Margaret Thatcher, in one of her many annoying moments, said that any man who travels on a bus after the age of 30 must consider himself to be a failure!  It's a remarkable sentence when you think about it: sexist, snobbish, environmentally incorrect, and insulting,  all in a few words - she truly was a remarkable piece of work in her heyday.  Having said that, I don't often go on buses - I am over 30 after all - but I recently did.  Travelling through south London I was amazed at the noise on the bus, much of it from what I now know is referred to as 'sodcasting'.

sodcasting music mobile phones

Sodcasting is when you decide that you really have to share your taste in music with those around you, whether they like it or not.  There was an interview on Radio 4 the other day with a sodcaster who, when asked whether anyone ever asked him to turn his music down said "No, this is Hackney, bad things can happen round here, know what I mean?"

The phrase originated in Pascal Wyse's Wyse Words column in the Guardian's Weekend magazine back in 2007: "Sodcast [noun]: Music, on a crowded bus, coming from the speaker on a mobile phone. Sodcasters are terrified of not being noticed, so they spray their audio wee around the place like tomcats."  It's probably showing my age, but I agree with every word of that.
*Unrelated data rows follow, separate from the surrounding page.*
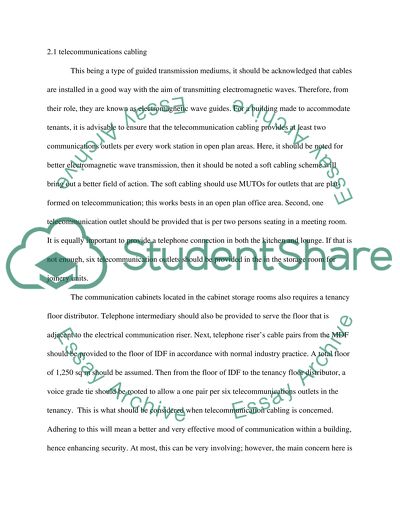 Security of a Commercial Building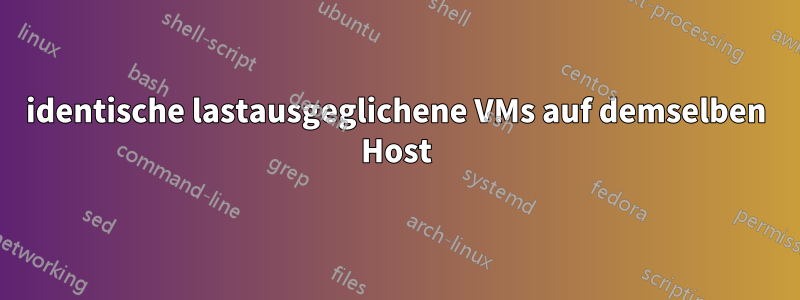 identische lastausgeglichene VMs auf demselben Host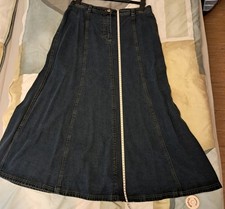 Jeansrock, lang,von Marco Pecci, Gr.44, Marin...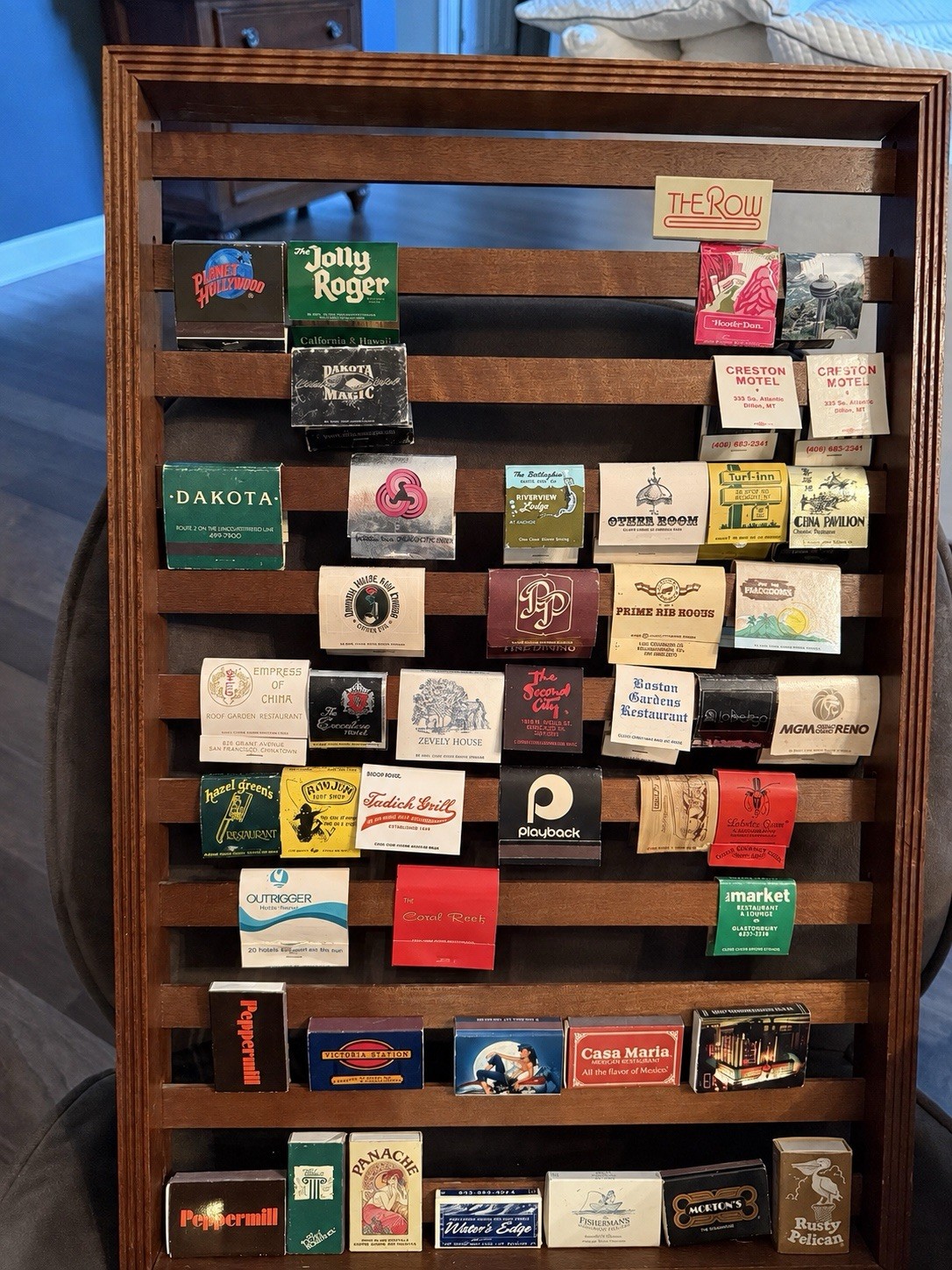 Vintage RARE Matchbook & Matchbox Collection S (Display Frame sold separately)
If you'd like to read a defence of sodcasting, and, incidentally, one of the most pretentious bits of writing I've ever read (even by Guardian standards), try this attempt by Dan Hancox:

http://www.guardian.co.uk/music/2010/aug/12/sodcasting-music-in-public-mobile-phones

Almost as annoying is the habit beloved of my daughter's friends of listening through one headphone - not because there isn't a second one, but simply so that some other noise - conversation, television, whatever - can also be heard.  The result is that the spare headphone emits a tinny, irritating squeak that is deeply intrusive. 
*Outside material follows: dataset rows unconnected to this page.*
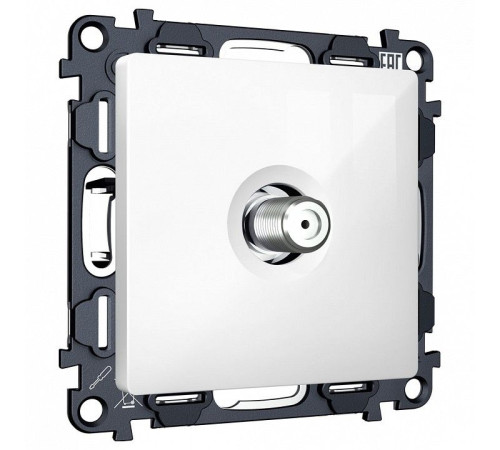 ТВ-розетка без рамки Ambrella Volt ALFA MA113050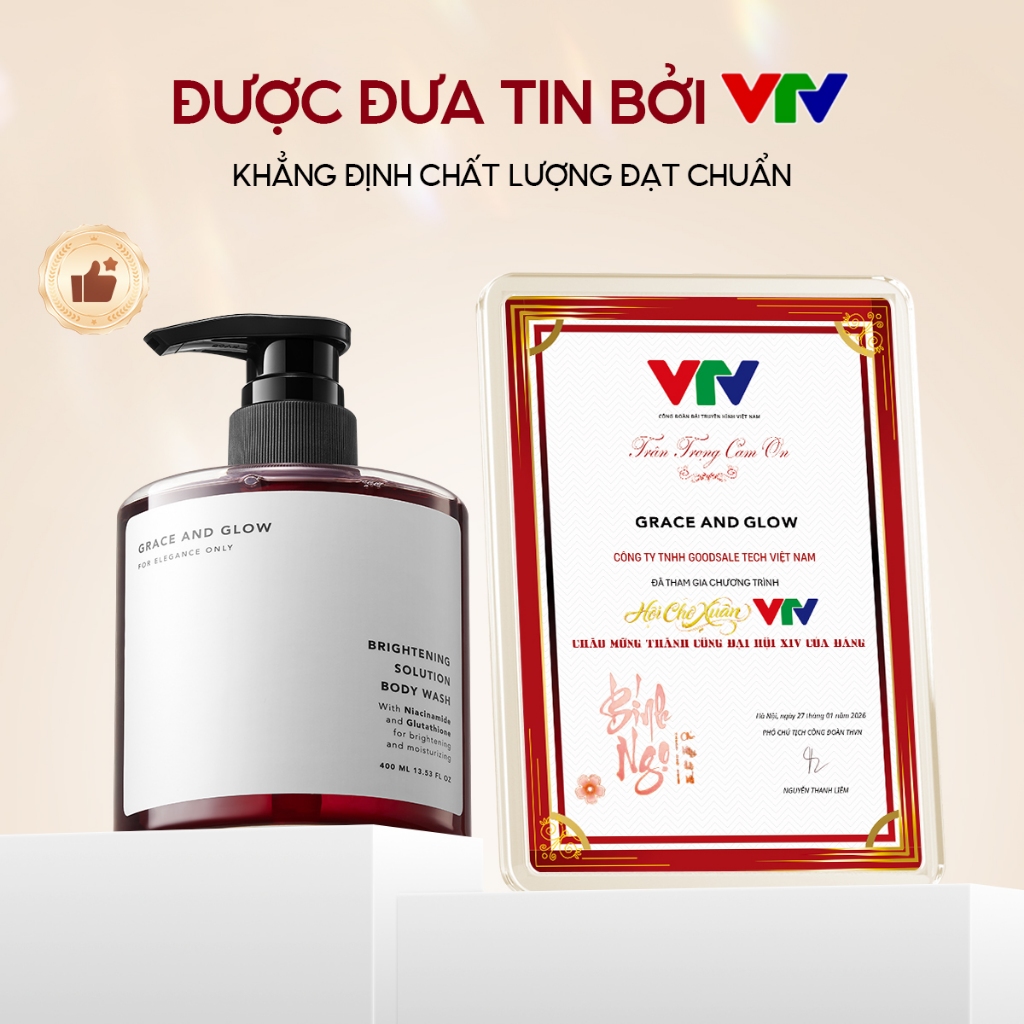 Sữa tắm trắng da hỗ trợ dưỡng ẩm tẩy da chết Grace and Gl... (2)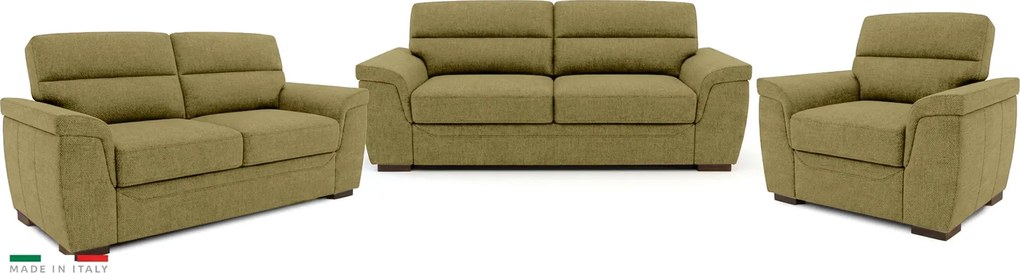 Sedacia zostava ROSSO II 3+2+1, zelená (enjoy new lux - 60 moss)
The key question is, of course, why?  Hancox offers two possibilities in his article: "To some, sodcasting might seem like a bloody-minded imposition, a two-fingers from those who don't care what others think of them. To the teenagers, though they probably wouldn't put it quite like this, it's a resocialisation of public life through the collective enjoyment of music; it's friends doing the most natural thing imaginable – sharing what makes them happy."  I told you it was pretentious twaddle!

So there we have it: whatever makes teenagers happy has to be fine with the rest of us.  It's surely partly about freedom of choice, and that cuts both ways: the sodcasters freedom to play their music in public, versus the right of others not to have it inflicted upon them - that's probably why headphones were invented!  Grumpy old man moment over for another day...back to Teeline.